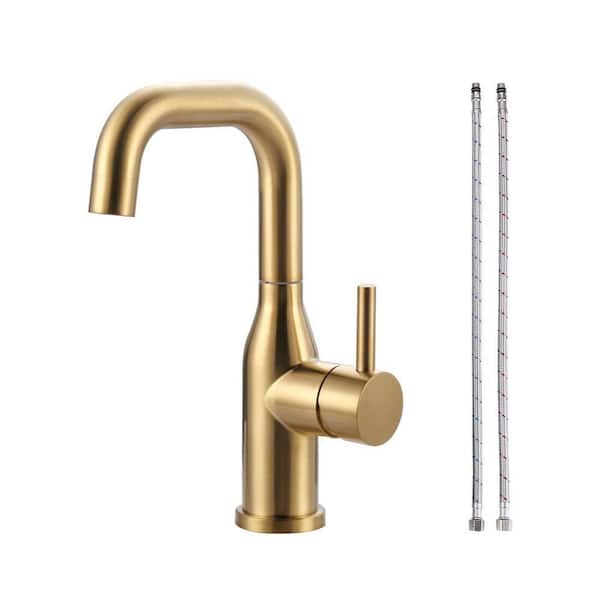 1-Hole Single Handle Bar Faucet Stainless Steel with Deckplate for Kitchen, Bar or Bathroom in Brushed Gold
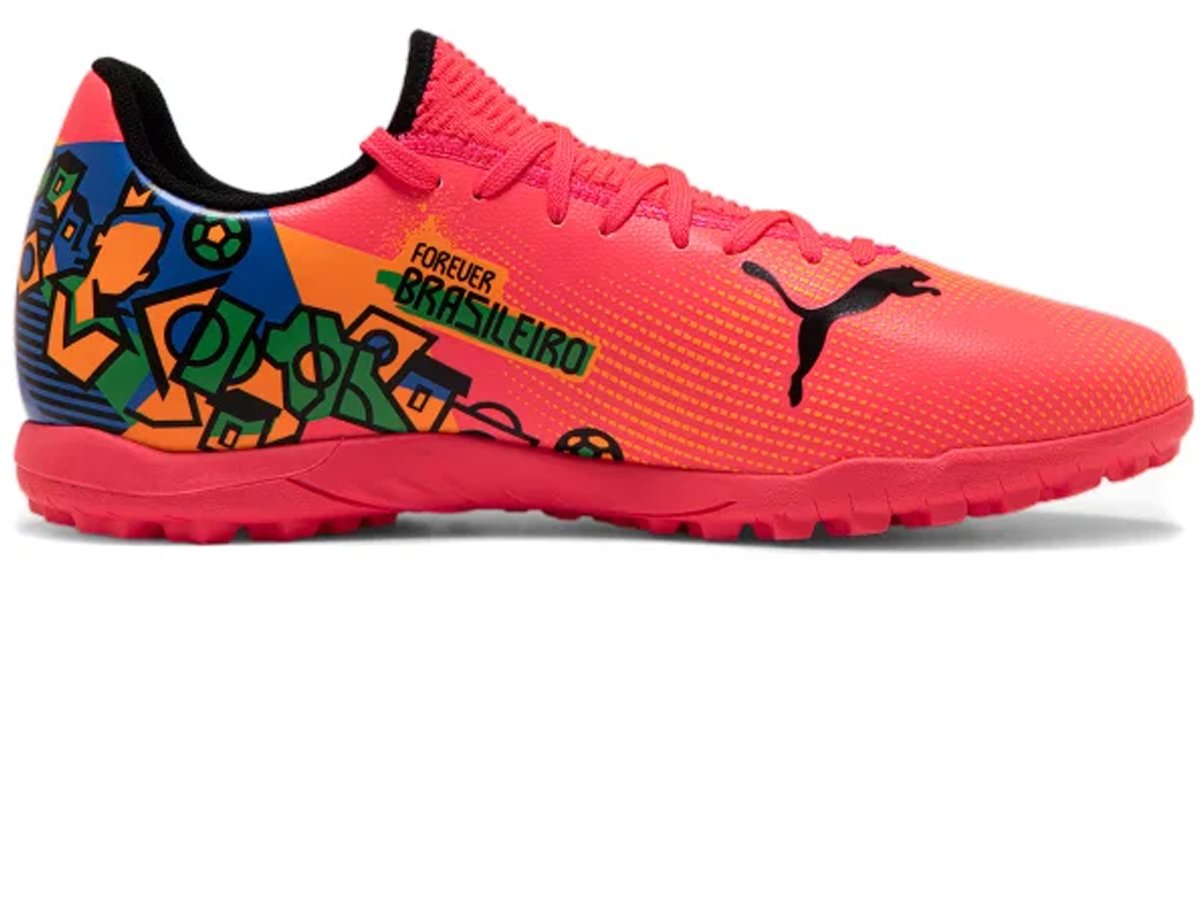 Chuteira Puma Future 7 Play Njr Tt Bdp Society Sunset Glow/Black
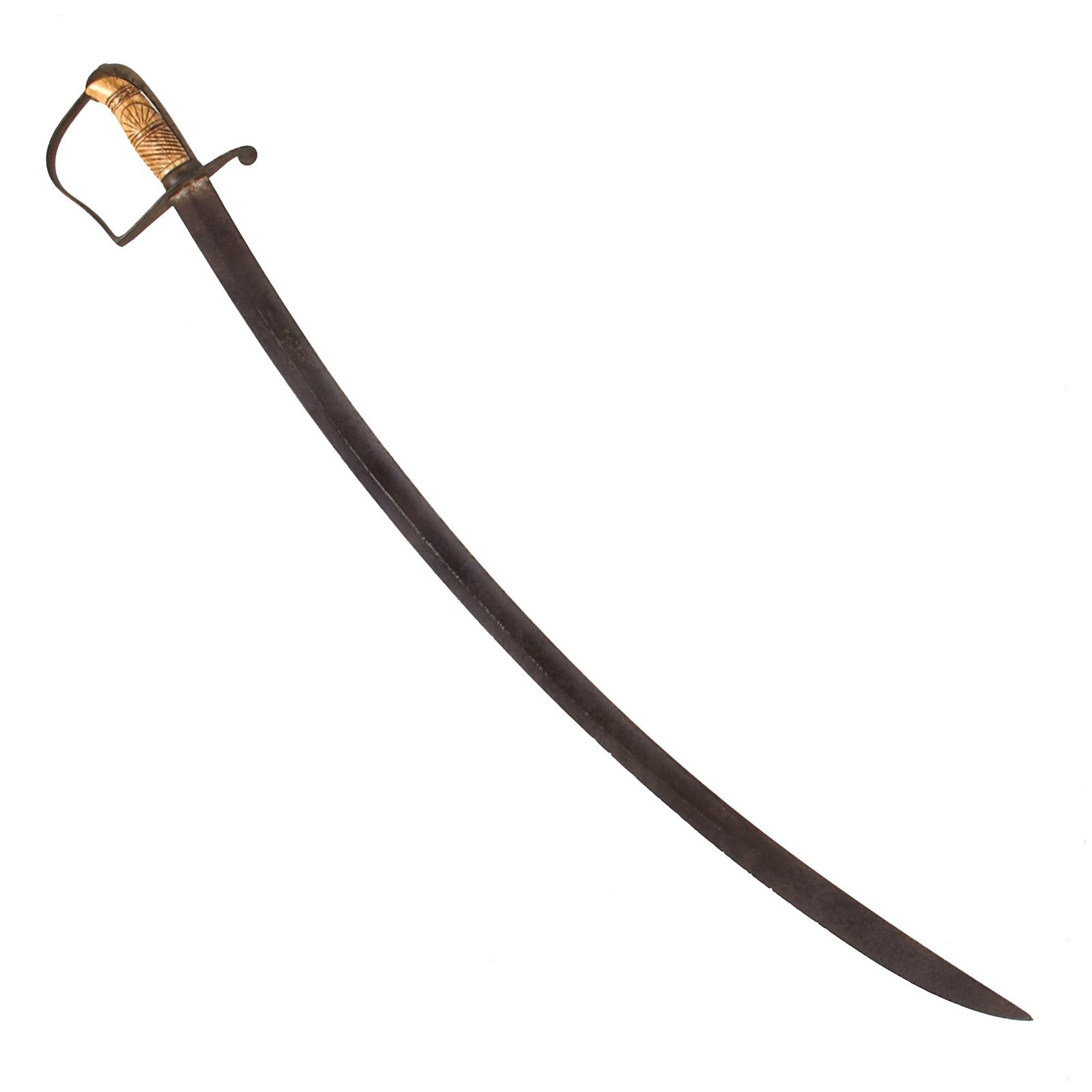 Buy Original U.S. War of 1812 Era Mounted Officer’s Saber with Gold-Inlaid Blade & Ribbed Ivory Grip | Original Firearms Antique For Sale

**Task instructions:**
Down to the last line, reproduce the material above exactly; skip its images.

**Task result:**
 1-Hole Single Handle Bar Faucet Stainless Steel with Deckplate for Kitchen, Bar or Bathroom in Brushed Gold
 Chuteira Puma Future 7 Play Njr Tt Bdp Society Sunset Glow/Black
 Buy Original U.S. War of 1812 Era Mounted Officer’s Saber with Gold-Inlaid Blade & Ribbed Ivory Grip | Original Firearms Antique For Sale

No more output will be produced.